[EXERCISE INPUT Boundary: Start]
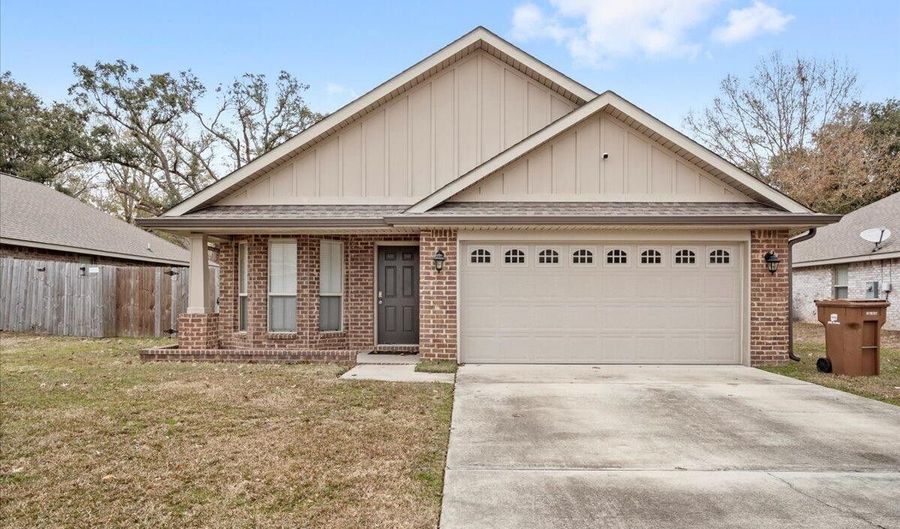 10532 Roundhill Drive Dr, Gulfport, MS 39503 - 3 Beds, 2 Bath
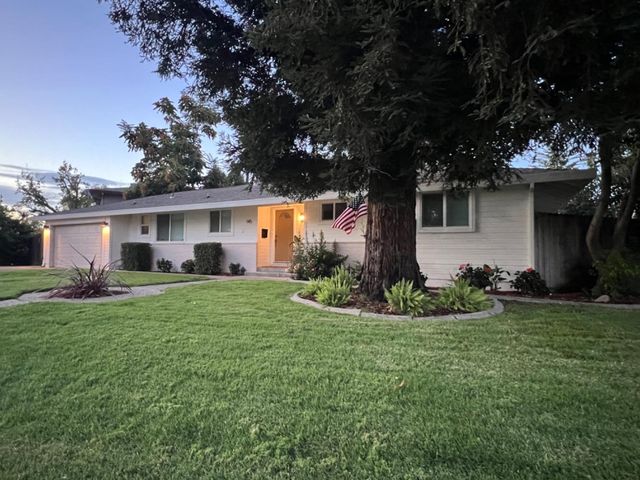 $549,000 | 145 Globe Avenue | Woodlake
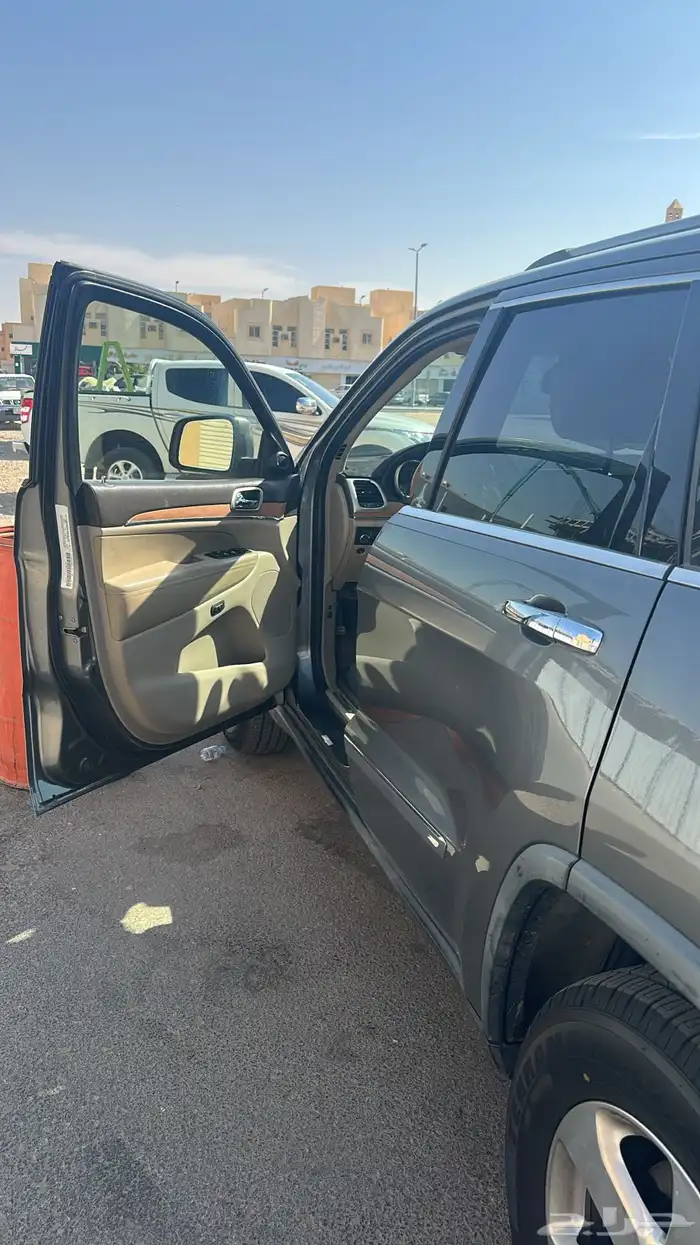 جراند شيروكي هيمي 0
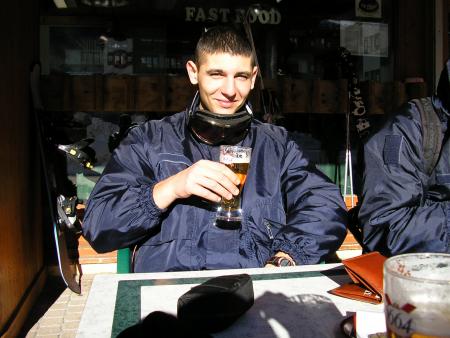 Le rire est � l'homme ce que la bi�re est � la pression.  Alphonse Allais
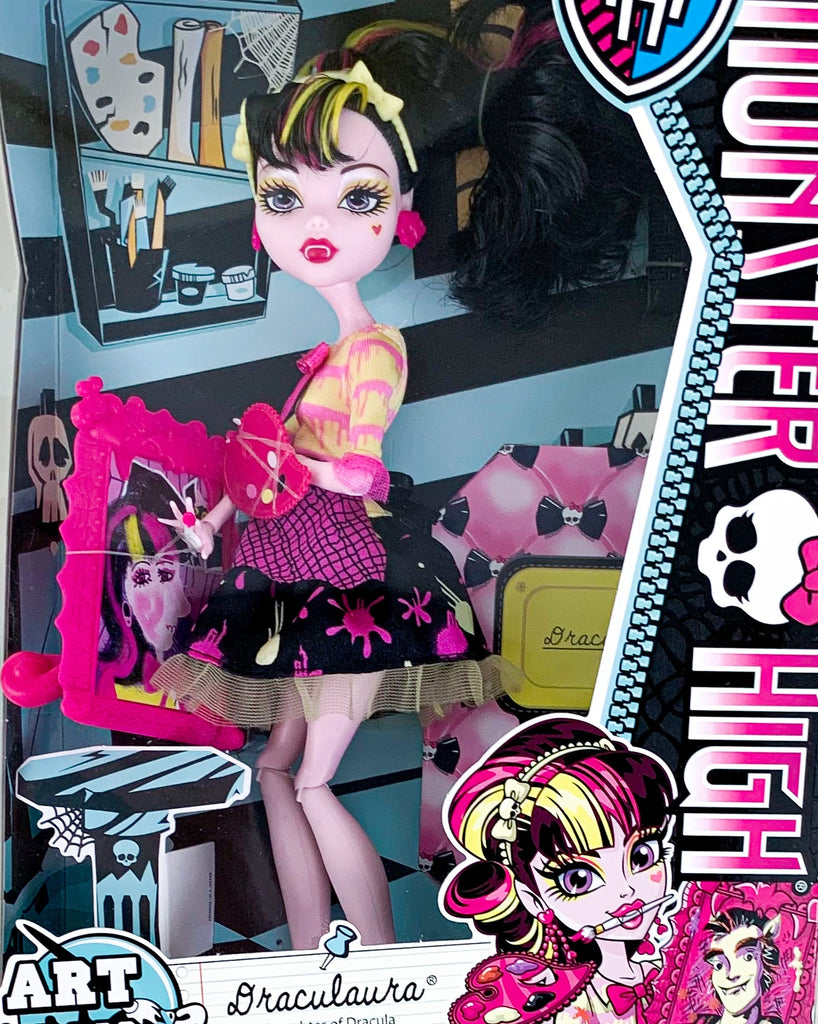 Bookinfo Metadados - Monster High - A doce Draculaura - Ciranda Cultural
[EXERCISE INPUT Boundary: End]
### YOUR OBJECTIVE:
Since the pictures are not part of the copy, transcribe only the remaining material, exactly.

### TASK RESULT:
 10532 Roundhill Drive Dr, Gulfport, MS 39503 - 3 Beds, 2 Bath
 $549,000 | 145 Globe Avenue | Woodlake
 جراند شيروكي هيمي 0
 Le rire est � l'homme ce que la bi�re est � la pression.  Alphonse Allais
 Bookinfo Metadados - Monster High - A doce Draculaura - Ciranda Cultural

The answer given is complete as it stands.